The Australian Competition & Consumer Commission released a draft version of the code in July, which proposes news businesses and digital platforms be given three months to strike a deal through formal negotiations before an independent arbitrator is appointed.
It also stipulates that Google and Facebook should provide data to media companies and give advance notice of any algorithmic changes.
While the proposed code has received support from media businesses such as News Corp, both Google and Facebook have been protesting its introduction.
Google has labelled it “unreasonable” and has warned of the potential harm it could have on small businesses, while Facebook has threatened to shutdown its local news operation should the proposed regulation be turned into law.
The ACCC had invited all interested parties to provide consultation on the draft code. The consultation process closed on August 28.
Since then, the government has clearly been working behind the scenes to finalise the legislation.
The Herald has reported executives from Google, Facebook and other media companies, have been forced to sign NDAs in recent weeks in order to access the final version of the bargaining code.
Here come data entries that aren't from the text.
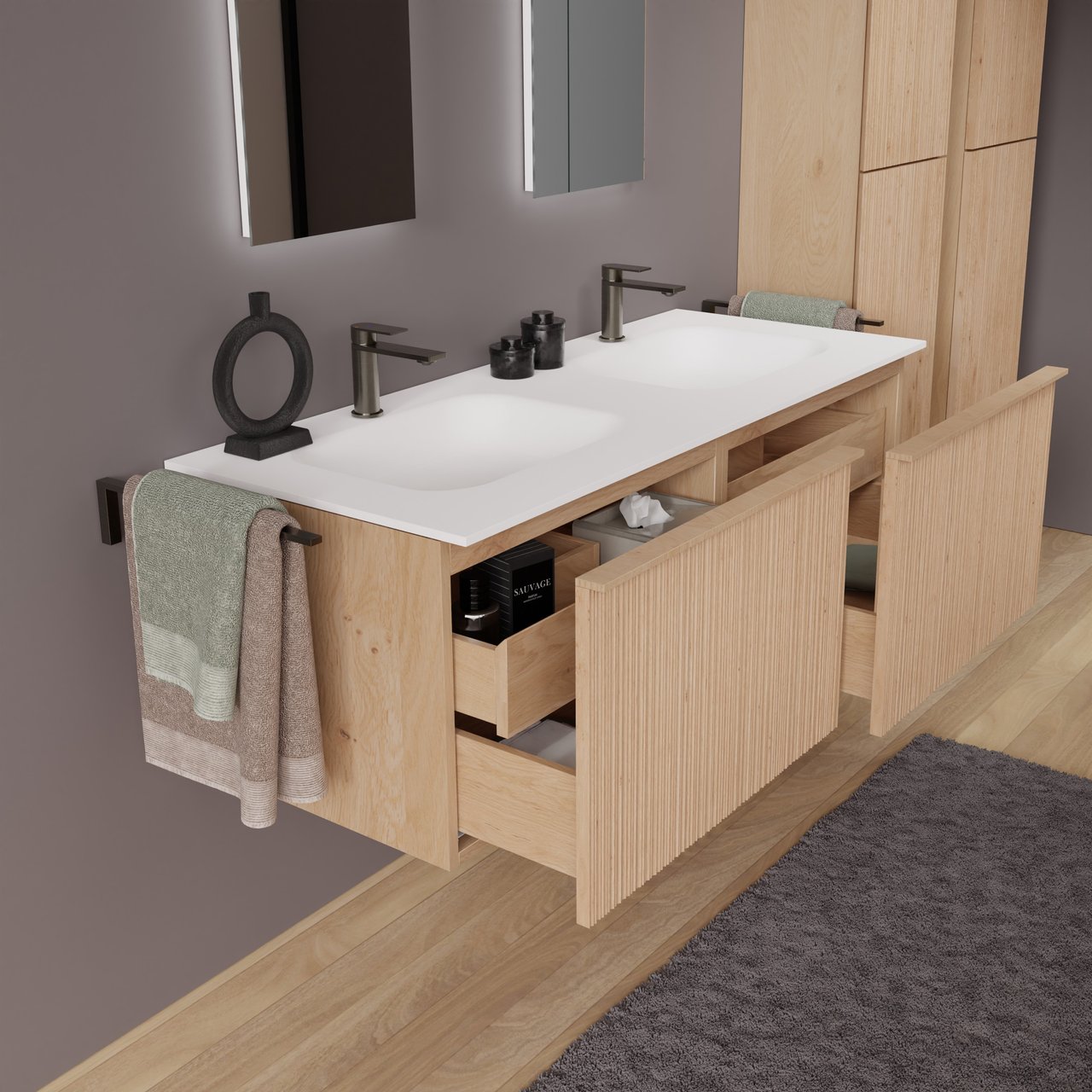 Balmani Forma meuble salle de bains suspendu 135 x 55 cm chêne naturel avec Tablo Arcato double vasque en solid surface blanc mat, Nervure circulaire asymétrique verticale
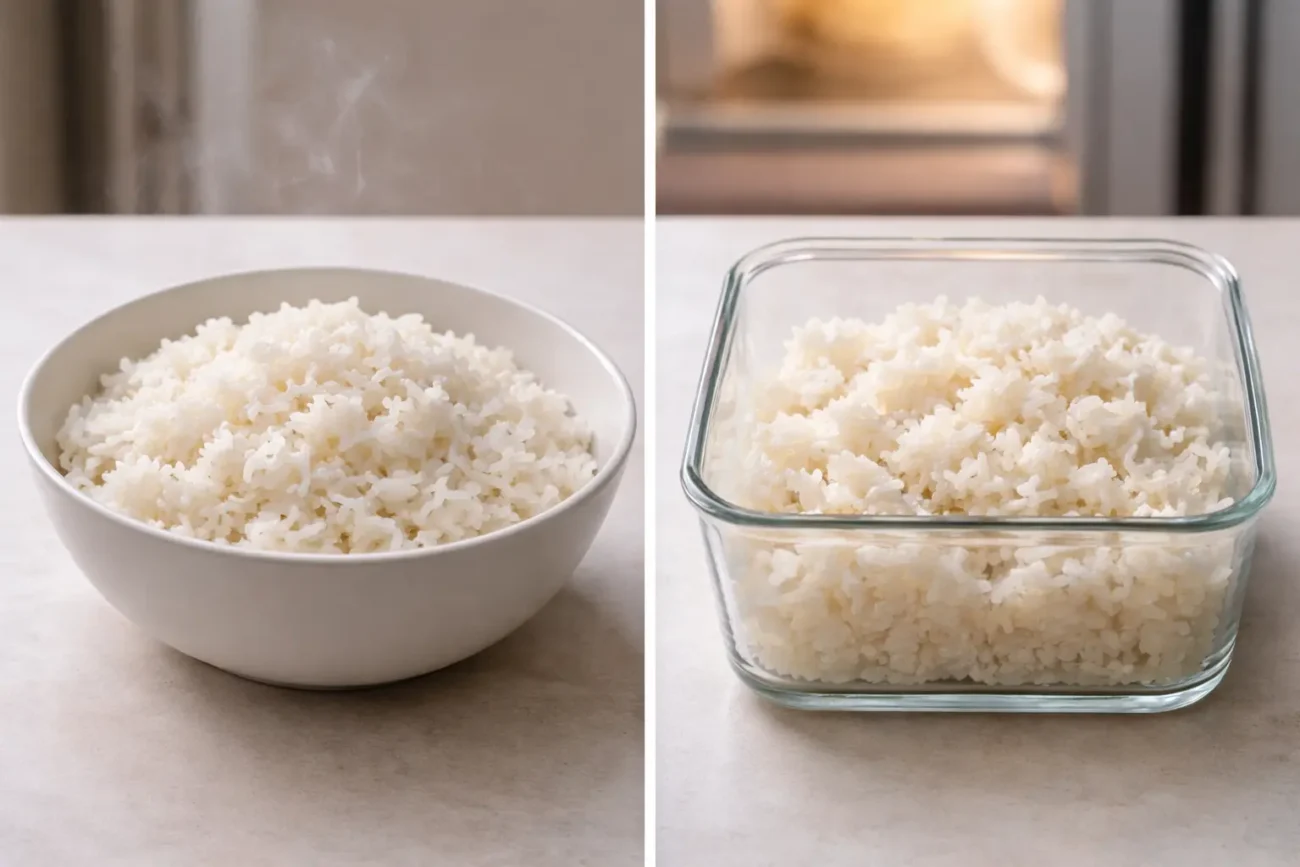 Side-by-side comparison of two bowls of white rice on a clean kitchen counter: the left bowl shows freshly cooked rice that looks soft, fluffy, moist, and lightly steaming in a white ceramic bowl, while the right bowl shows firmer refrigerated rice with separated, slightly dry grains inside a clear glass container with light condensation, illustrating how chilling changes rice texture.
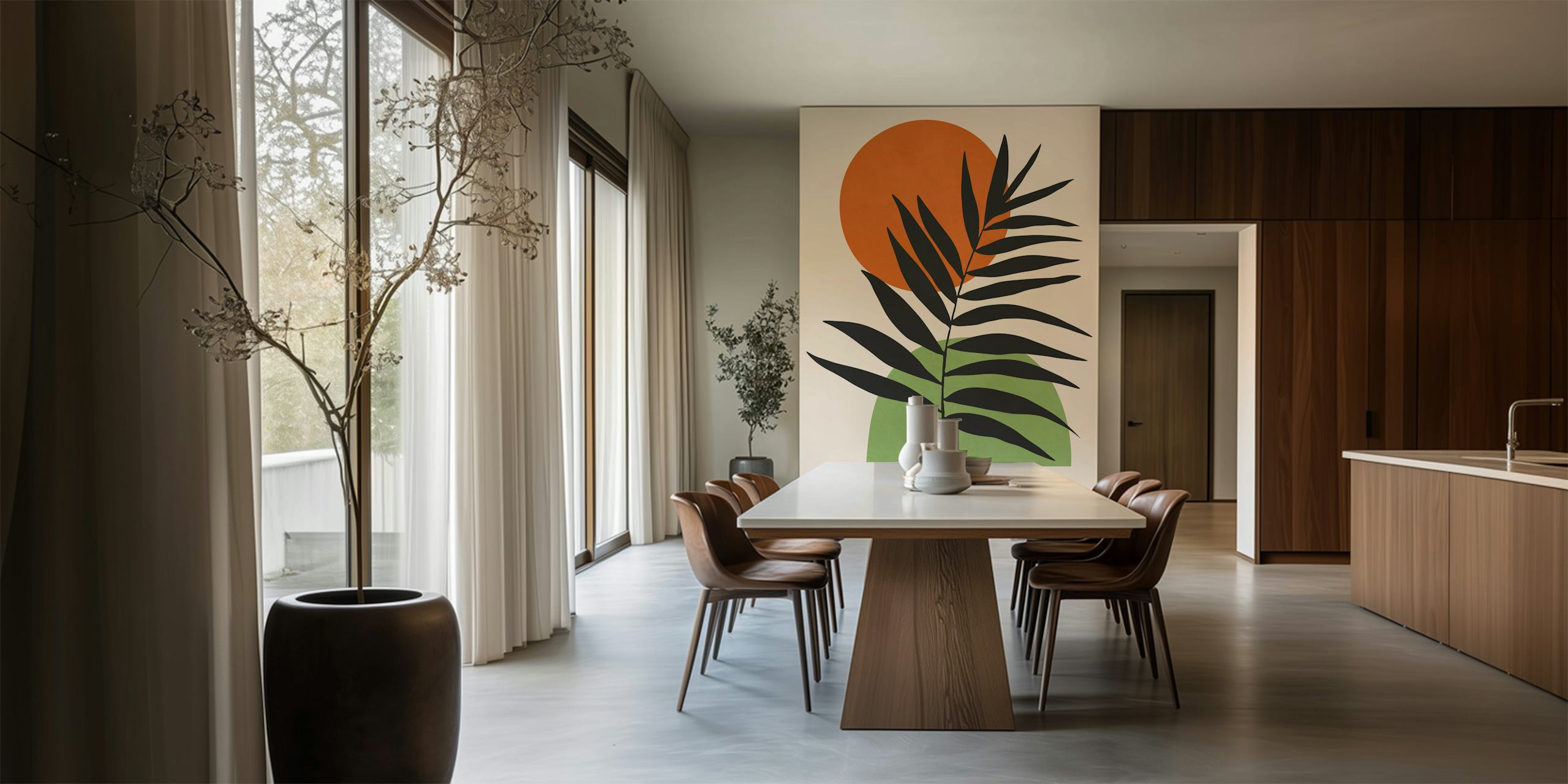 Abstract Plant Style wallpaper in room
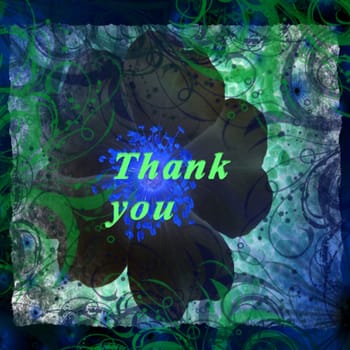 Thank you written in letters on a floral background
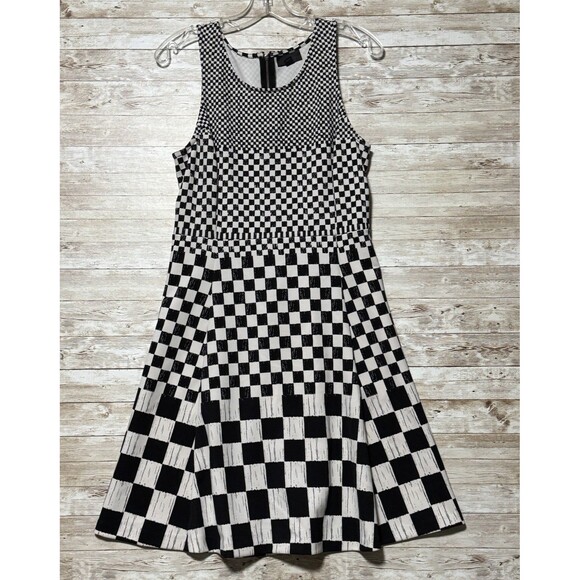 Worthington Black White Checkered A-Line Dress Size 8 Knee Length 60s 70s Brit - Picture 2 of 12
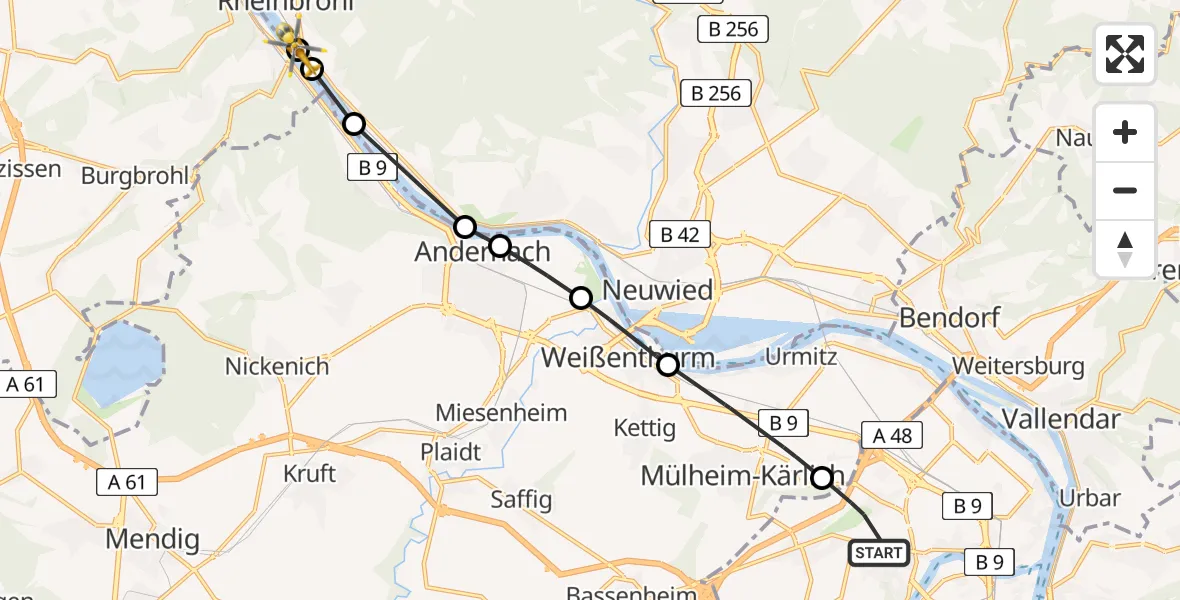 Flugroute Rettungshubschrauber Koblenz - Rheinbrohl, 06 Juni 2026, 14:55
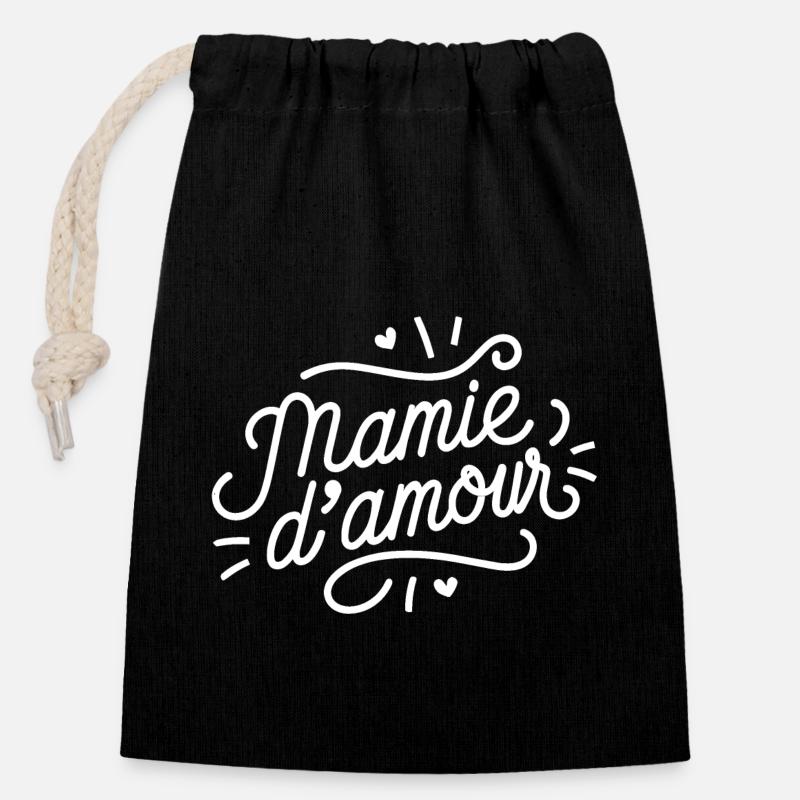 Mamie d'amour - Sac cadeau en coton avec cordon (14 x 20 cm) - noir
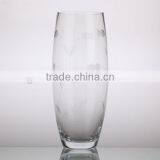 Tall Cube Glass Vase With Decorative Flowers thumbnail-4
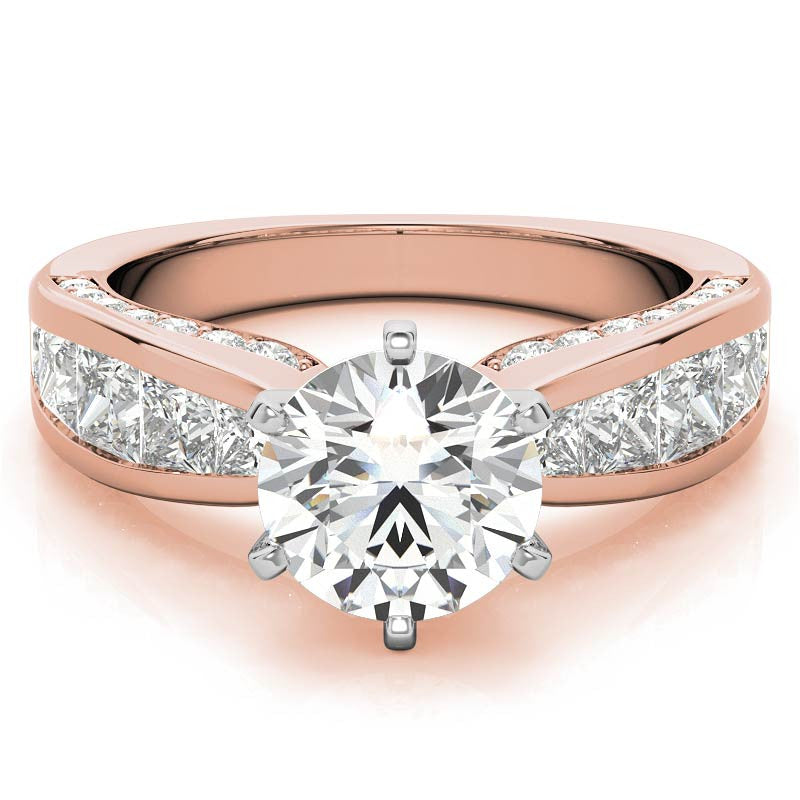 Channel Set Princess and Round Moissanite Engagement Ring Setting 2.0ct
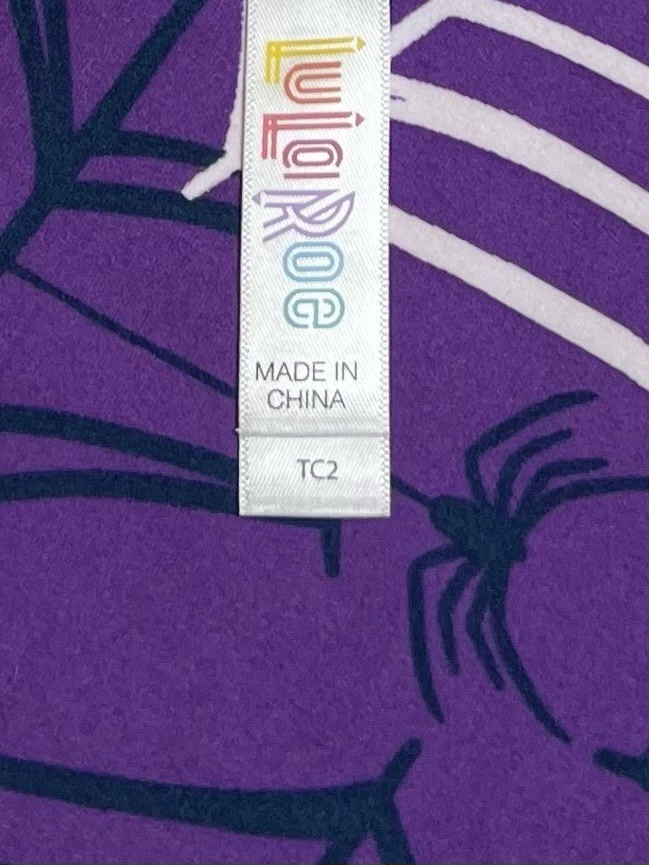 LuLaRoe Leggings TC2 Alto Curvilíneo 2 HALLOWEEN Divertido PÚRPURA ARAÑA MUERTA WEB Insecto Foto 4 de 4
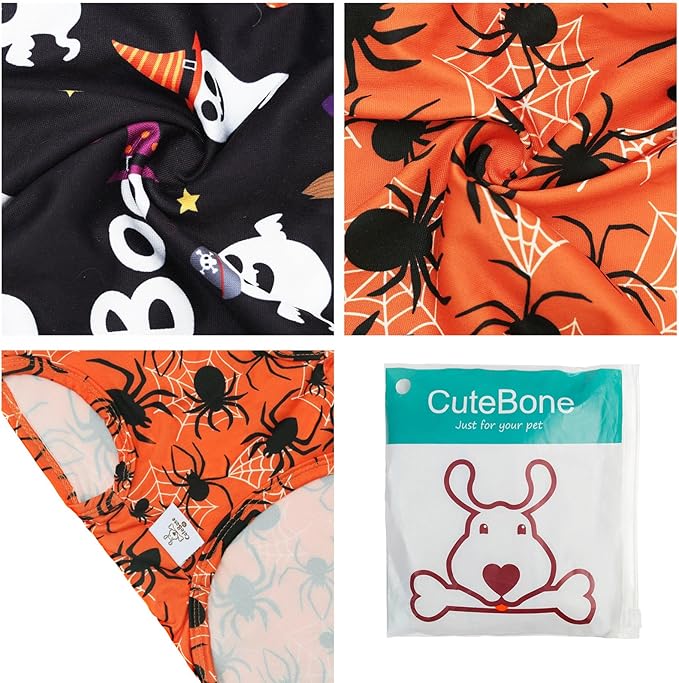 CuteBone Halloween Dog Shirts 2-Pack Soft Pet Clothes Breathable Summer Vest for Small Puppy and Stretchy Cat Apparel 2BX22S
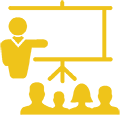 Icon depicting a teacher at the front of a classroom with students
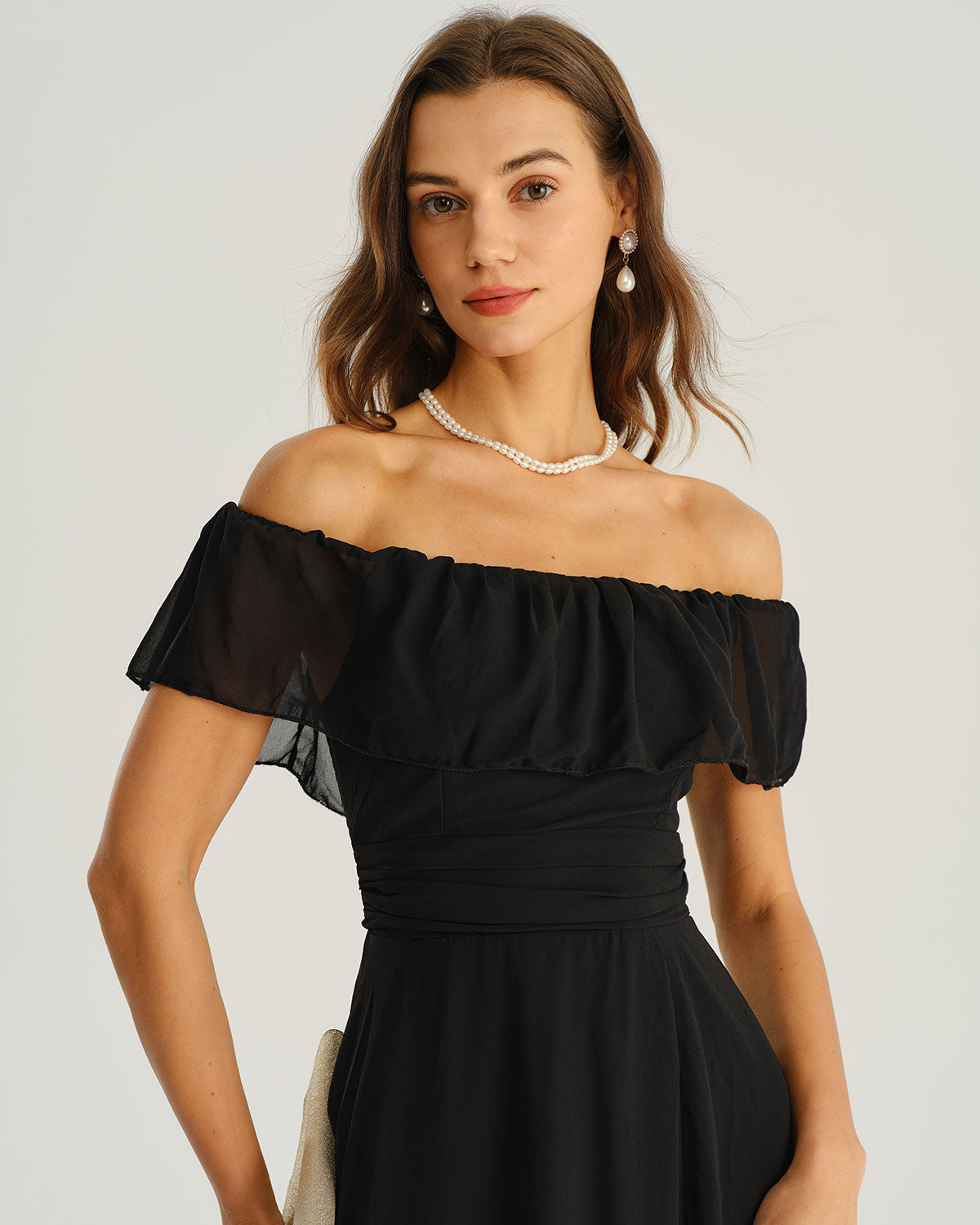 Black Off The Shoulder A-Line Maxi Dress & Reviews - Black - Dresses | RIHOAS Black Off The Shoulder A-Line Maxi Dress & Reviews - Black - Dresses | RIHOAS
In a release published on Monday morning, Google Australia & New Zealand VP Mel Silva reiterated the company’s stance on the matter.
“To put it plainly: we support a Code, but we cannot agree to one that doesn’t incorporate these fundamental elements,” Silva said.
“No responsible business would cross these red lines. But there is a way forward that we believe achieves the goals of both publishers and the regulators, and which is realistic and fair for all parties.”
Silva also pointed to existing commercial agreements between Google and news businesses and the recently announced news Showcase, which features more than 200 publishers globally.